L'auteur de ce livre a fait l'année dernière une entrée foudroyante dans la littérature, avec Le Roi dort, dont on n'a pas oublié l'énorme retentissement. Dans les récits qu'il nous donne cette fois, il nous montre un certain nombre de pauvres bougres, des naufragés, des écrasés, des rafalés des deux sexes, pour employer un vieux mot du langage des matelots, qu'il voudrait ressusciter.
Persuadé que la principale qualité du romancier est la sympathie pour ses personnages, il se penche avec une compassion profonde sur ces pitoyables.
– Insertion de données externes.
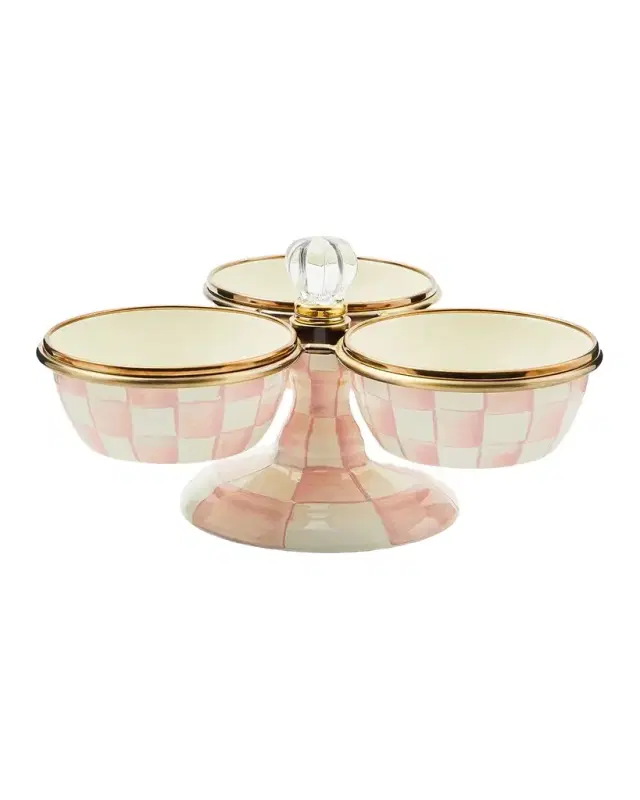MacKenzie-Childs Rosy Check Triplicity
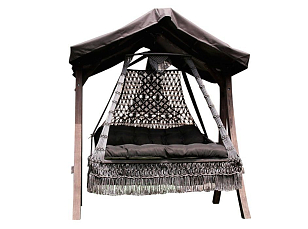 Подвесные плетеные качели Lite Seara для дачи Подвесные плетеные качели Lite Seara, садовая мебель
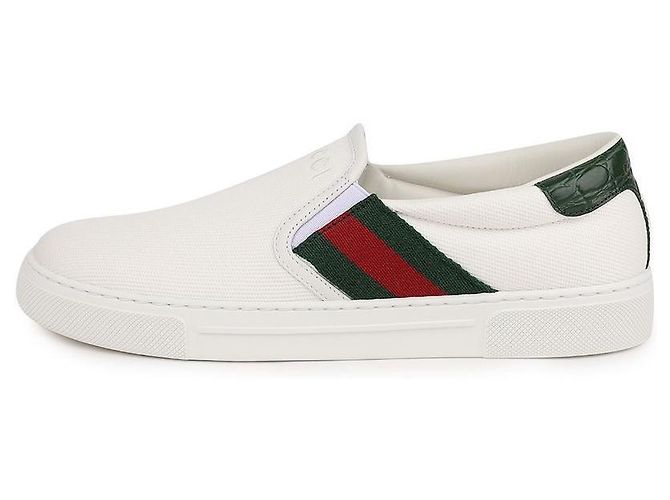 Gucci Ace Slip-On Sneaker White Canvas - Ansicht 6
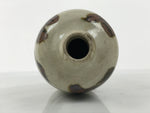 Antique Japanese Ceramic Sake Bottle Kayoi-Tokkuri Gray Kanji Nagara TS853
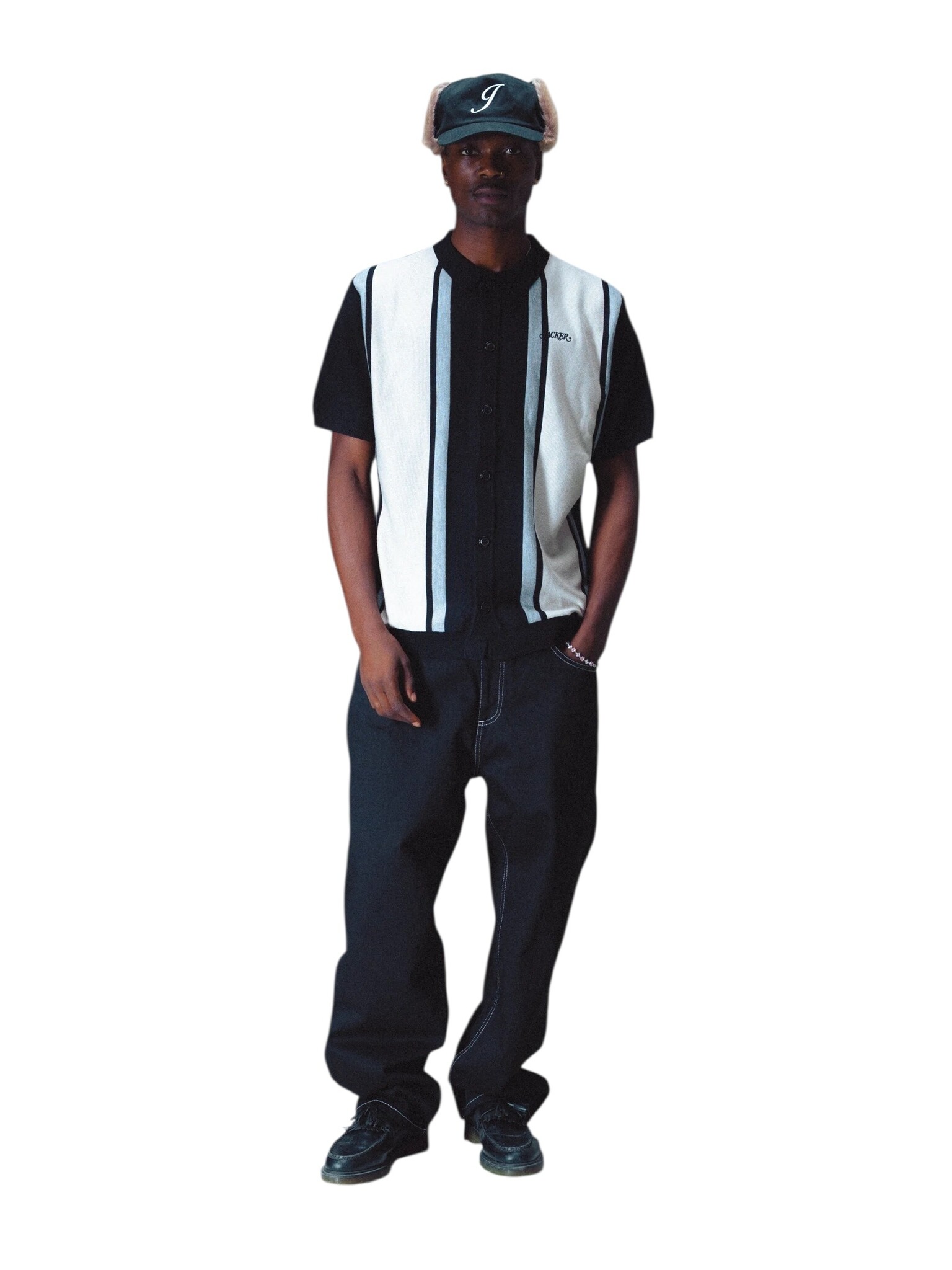 Jacker GrandPa Cardigan - Black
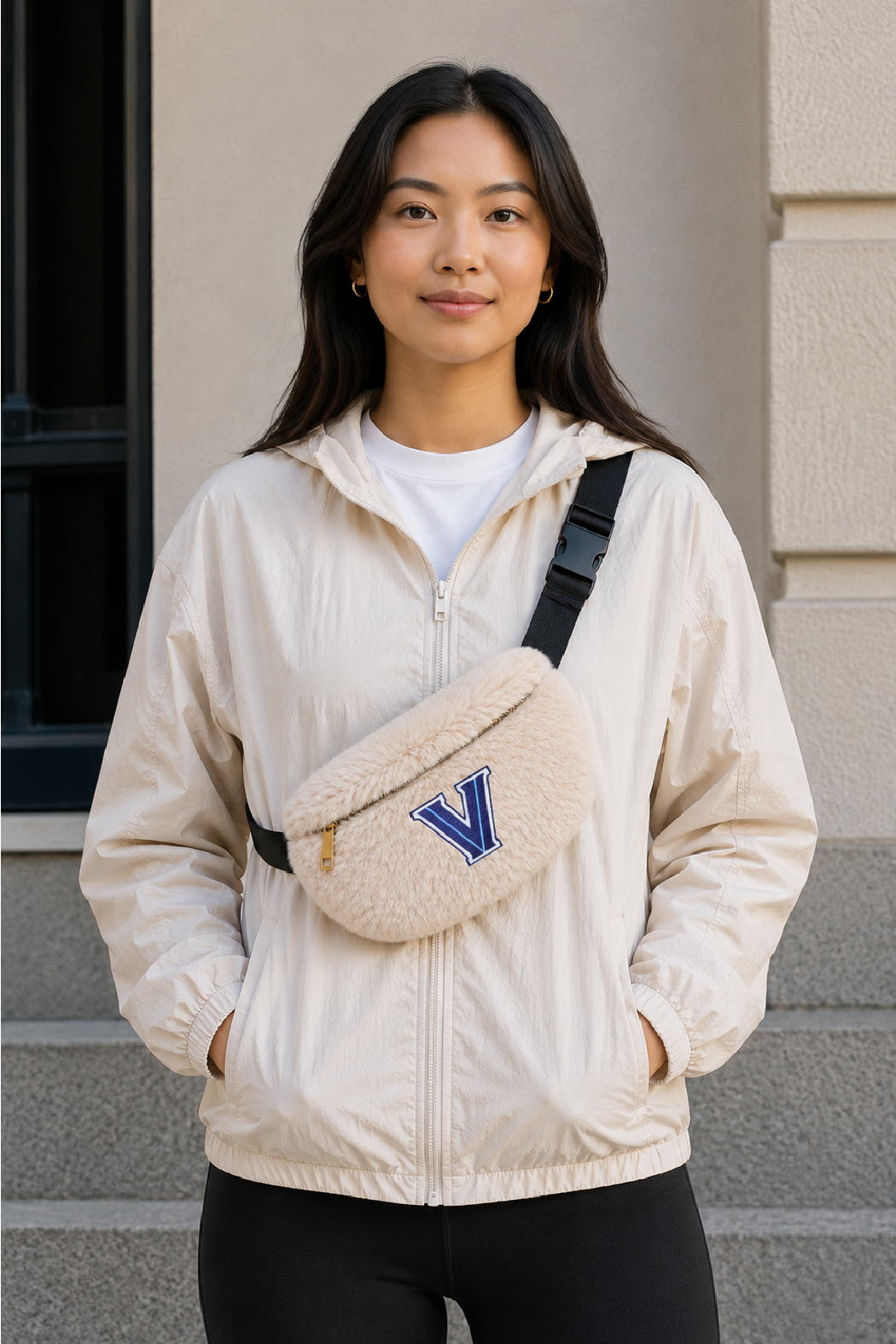 Villanova Faux Fur Sling Bum Bag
Ses héros et ses héroïnes sont donc des victimes (sauf un ou deux cas où il s'amuse à les désigner ainsi par antiphrase). Victimes de cette obsession du salut, qui est le tout des âmes frustes du Moyen Âge, rabbi Moïse de Villemaur et le grand abbé blanc dom Gobert, amant de Resplendine, la petite vierge juive. - Victimes de leurs scrupules, le brave archéologue Eugène Philippot, modèle de probité intellectuelle et morale, qui fut bafoué par un incube déguisé en politicien franc-maçon ; ou le saint prêtre fils de la momie du Clos-Poulet. – Victime de l'art, Antoinette Véron, épouse indigne du professeur le plus cocu des deux Bourgognes. – Victime de sa vanité d'enfant vicieuse, Angélique Bézu, dite Notre-Dame-de-Valembec. – Victimes de l'égoïsme et de la fatuité mâles, Bribri, fille de Toulon, la touchante Janine, morte de n'avoir pas su l'orthographe, et Mireille Roux, la femme de l'Utraquiste. – Victimes de la cupidité, Gisèle Boucheron et M. le Proviseur. – Victimes de la passion de la propriété, le montagnard Perbost de «l'Herbe aux vipères», et Léon Macquin, dans son petit jardin de Bel Respiro. – Victimes de la crise économique qui est en train d'enfanter dans la douleur un monde nouveau, Denise Florimond, «la Noyée», et Madame Malherbe, la femme de l'horloger de la rue de la Cathédrale, qui ne jouait pas que du violoncelle auprès d'un vieux dégoûtant.
On retrouve dans ces beaux récits cet accent humain et ce mélange de poésie et de réalisme, de familiarité et de grandeur, qui ont fait le succès du premier livre de Charles Braibant.